Desde su creación en 1968, la reserva protege uno de los últimos reductos del bosque andino-patagónico. El paisaje volcánico del lugar acoge bosques de pehuén, lenga y ñire, donde viven especies como el carpintero patagónico, el chinchillón y otras aves y mamíferos característicos de la cordillera.
El corazón de la conservación está en las lagunas Corazón y Piñihue. Allí habitan dos anfibios endémicos de alto valor biológico: la ranita patagónica, catalogada como en peligro de extinción y exclusiva de lagunas basálticas neuquinas, y la ranita palmada neuquina, clasificada como vulnerable. También vive en estas aguas el pato de anteojos.
Los guardaparques realizan monitoreos periódicos para seguir el estado de estas poblaciones y detectar amenazas. Esta tarea orienta las acciones de manejo y protección, reforzando la defensa de los ecosistemas acuáticos y terrestres del área.

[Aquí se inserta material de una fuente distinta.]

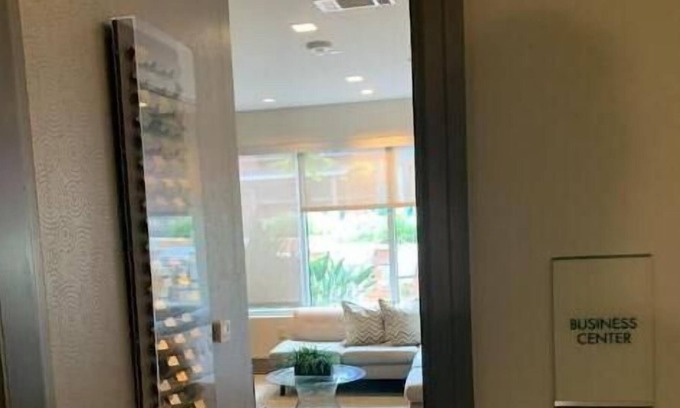 The Woodlands Apartment | Luxury Apartment in the heart of The Woodlands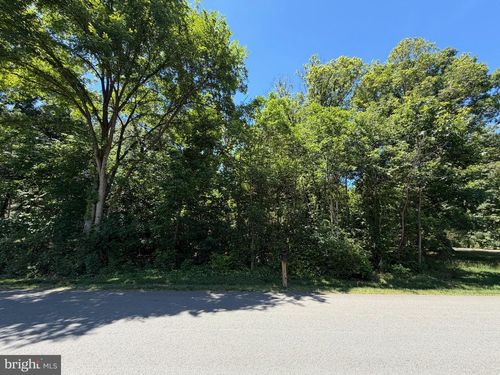 32 Cedar Dr, STERLING, VA, 20164-8600 | Card Image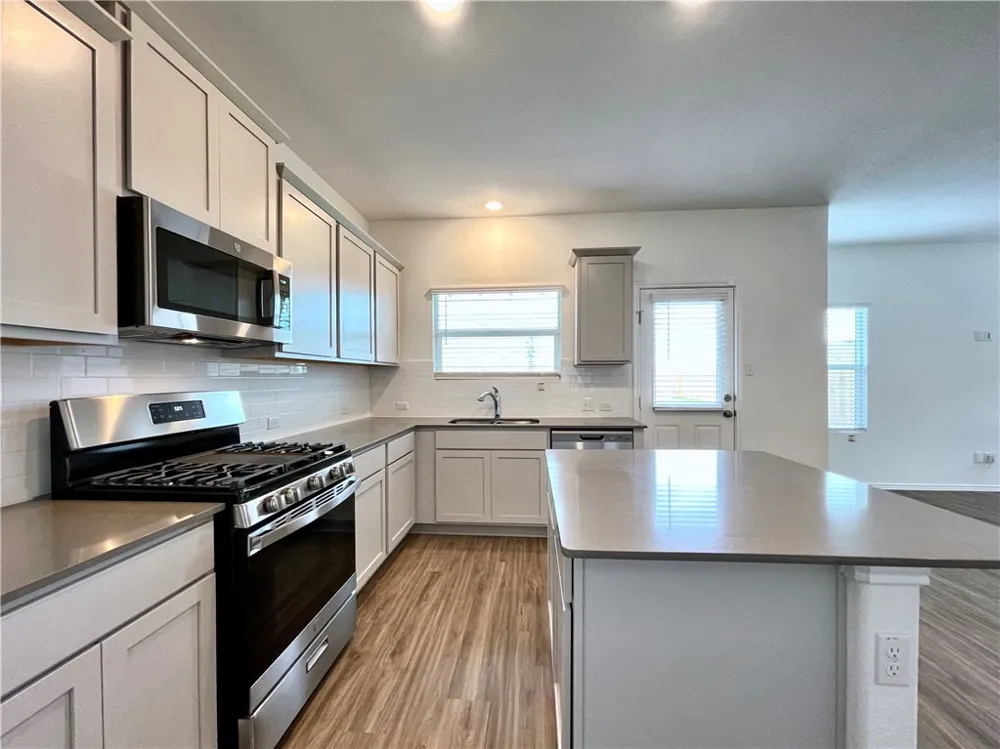 118 Canley Loop Hutto, TX 78634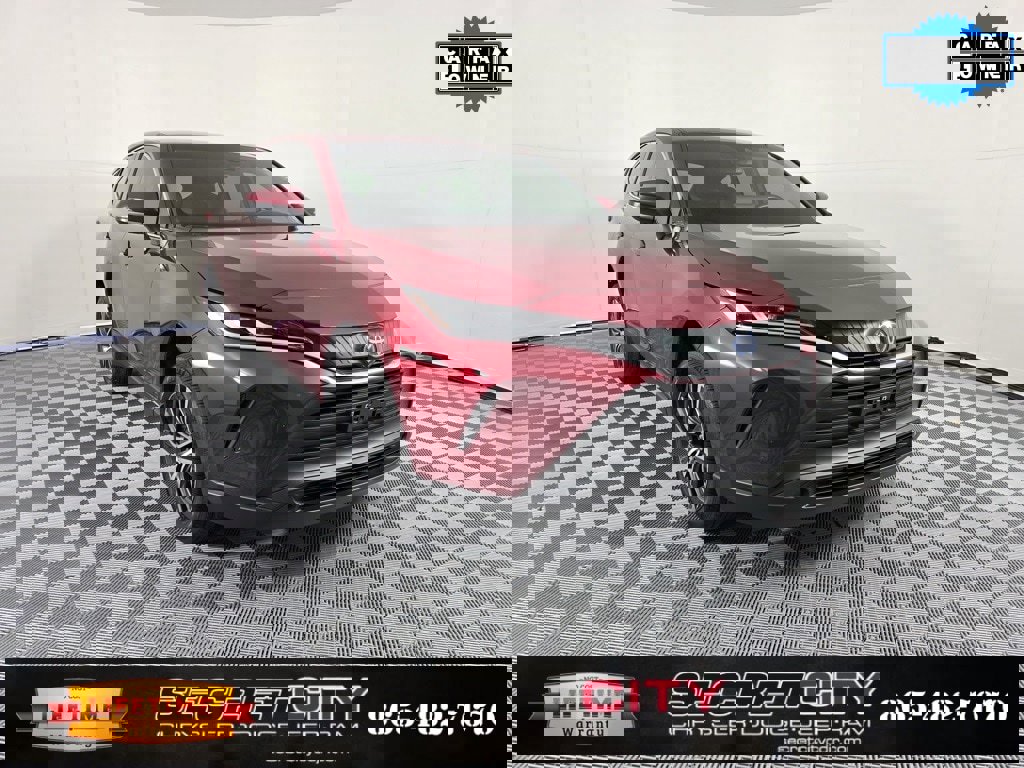 Used 2024 Toyota Venza LE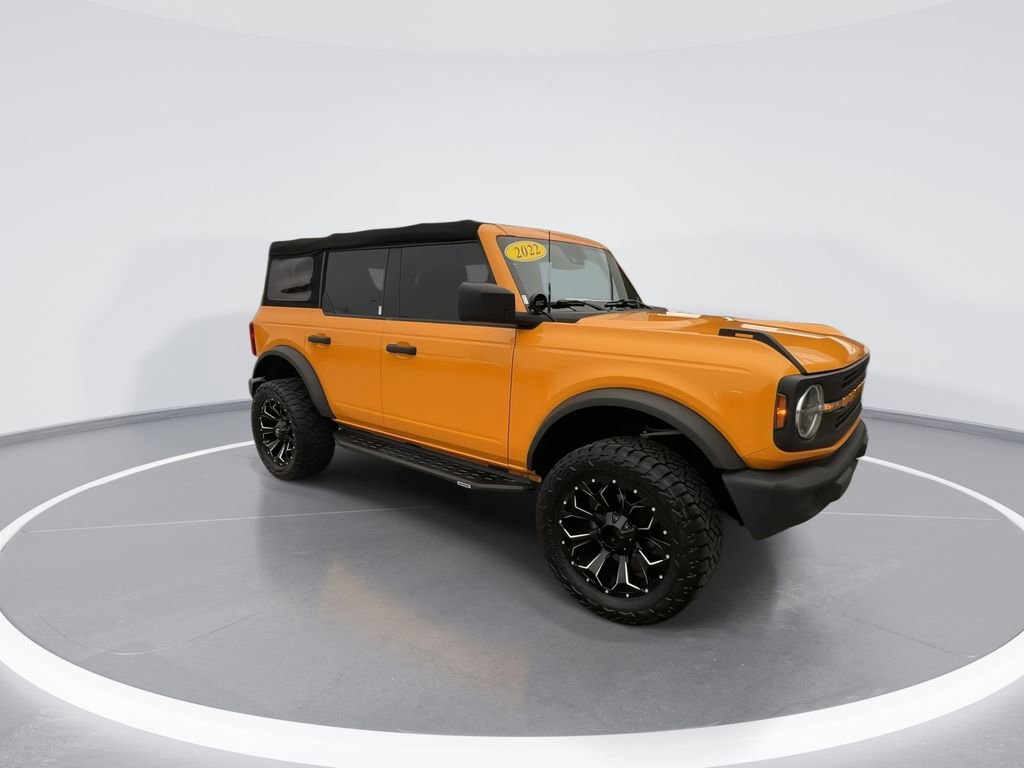 Used 2022 Ford Bronco 4-Door AWD/4WD image 2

Batea Mahuida es territorio de uso tradicional de comunidades Mapuche —Maliqueo, Wiñoy Folil, Puel y Millaqueo— y pequeños productores trashumantes que desarrollan actividades de veranada en la zona durante el verano.
Quienes deseen visitar pueden recorrer el área en vehículo o caminar hasta las lagunas para observar la flora y fauna. Antes de ingresar se aconseja consultar a los guardaparques sobre el estado de los caminos y las condiciones para una visita responsable. Durante el invierno, el acceso está restringido.